# Visual "stuttering" in Counter-Strike: Source



## star99ers (Sep 10, 2003)

I've been having this problem lately where whenever I move I get some sort of FPS lag or something and I suddenly warp back a few inches in the game. It really makes the game play unbearable. What's even weirder is that the in-game footsteps seem to match this, like I have a third leg or something. I tried turning down the visual setting but that only makes it worse. HL2 and HL2: DM work fine so I am wondering what is up.
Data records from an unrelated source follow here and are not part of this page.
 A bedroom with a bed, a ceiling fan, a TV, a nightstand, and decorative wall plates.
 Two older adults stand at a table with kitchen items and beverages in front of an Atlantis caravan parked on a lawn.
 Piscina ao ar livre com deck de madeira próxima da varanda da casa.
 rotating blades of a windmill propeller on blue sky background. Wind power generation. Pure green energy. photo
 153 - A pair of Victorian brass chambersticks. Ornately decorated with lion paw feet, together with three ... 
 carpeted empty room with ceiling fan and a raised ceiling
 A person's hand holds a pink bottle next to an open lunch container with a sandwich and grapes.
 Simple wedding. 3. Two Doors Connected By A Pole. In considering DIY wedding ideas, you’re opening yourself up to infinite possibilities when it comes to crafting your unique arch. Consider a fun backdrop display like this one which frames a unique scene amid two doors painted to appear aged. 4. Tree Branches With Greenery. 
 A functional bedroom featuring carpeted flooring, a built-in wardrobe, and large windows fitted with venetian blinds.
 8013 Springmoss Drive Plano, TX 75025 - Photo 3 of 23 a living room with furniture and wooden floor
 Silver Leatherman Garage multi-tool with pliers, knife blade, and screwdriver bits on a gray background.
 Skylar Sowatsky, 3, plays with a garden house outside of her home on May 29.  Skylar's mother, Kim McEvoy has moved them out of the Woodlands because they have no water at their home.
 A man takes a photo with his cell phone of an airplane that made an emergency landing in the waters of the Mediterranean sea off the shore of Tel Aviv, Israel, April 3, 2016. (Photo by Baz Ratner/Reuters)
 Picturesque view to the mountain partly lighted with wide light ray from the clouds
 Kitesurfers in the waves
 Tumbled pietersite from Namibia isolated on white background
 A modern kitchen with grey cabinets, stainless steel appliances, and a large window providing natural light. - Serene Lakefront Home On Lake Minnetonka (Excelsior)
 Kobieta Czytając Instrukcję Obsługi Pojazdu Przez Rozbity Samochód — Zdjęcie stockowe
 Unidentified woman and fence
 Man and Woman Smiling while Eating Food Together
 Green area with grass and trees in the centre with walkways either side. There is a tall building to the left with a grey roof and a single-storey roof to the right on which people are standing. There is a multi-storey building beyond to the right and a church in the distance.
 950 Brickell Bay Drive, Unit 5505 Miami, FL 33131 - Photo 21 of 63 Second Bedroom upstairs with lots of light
Does anyone have any ideas to solve this?


----------



## Argy (May 4, 2005)

are you running a firewall or an active anti-virus in the back ground?
what internet connection are you running?..Broadband or Dial-up?
what are your computer stats...are you sure they meet the requirements of Counterstrike?


----------



## star99ers (Sep 10, 2003)

Argy said:



> are you running a firewall or an active anti-virus in the back ground?
> what internet connection are you running?..Broadband or Dial-up?
> what are your computer stats...are you sure they meet the requirements of Counterstrike?


I have a firewall and antivirus, I'm on Broadband, and my computer has been able to run the game fine in the past.


----------



## Argy (May 4, 2005)

hrm....have you tried running it with the firewall and anti-virus disabled?
i know it sounds like a stuipid idea but give it a try.
and have u changed anything or updated anything recemntly that may have caused it?
im sorry if im asking obcveous questions but sometimes they are the cause.


----------



## Denvarin (Jul 5, 2005)

I had the same issue, I deleted the game off my "Play Games" list and reinstalled. Took a few minutes but fixed it up for me. I had a defect in some files.


----------



## timothye (Nov 19, 2004)

Have you tried to validate you game files ..

validate my game files

lets see if this takes care of it ..


----------



## Kramer55 (Jan 18, 2005)

I have the exact same problem; HL2 and DM are fine but CS:Source locks up for a second and its not lag.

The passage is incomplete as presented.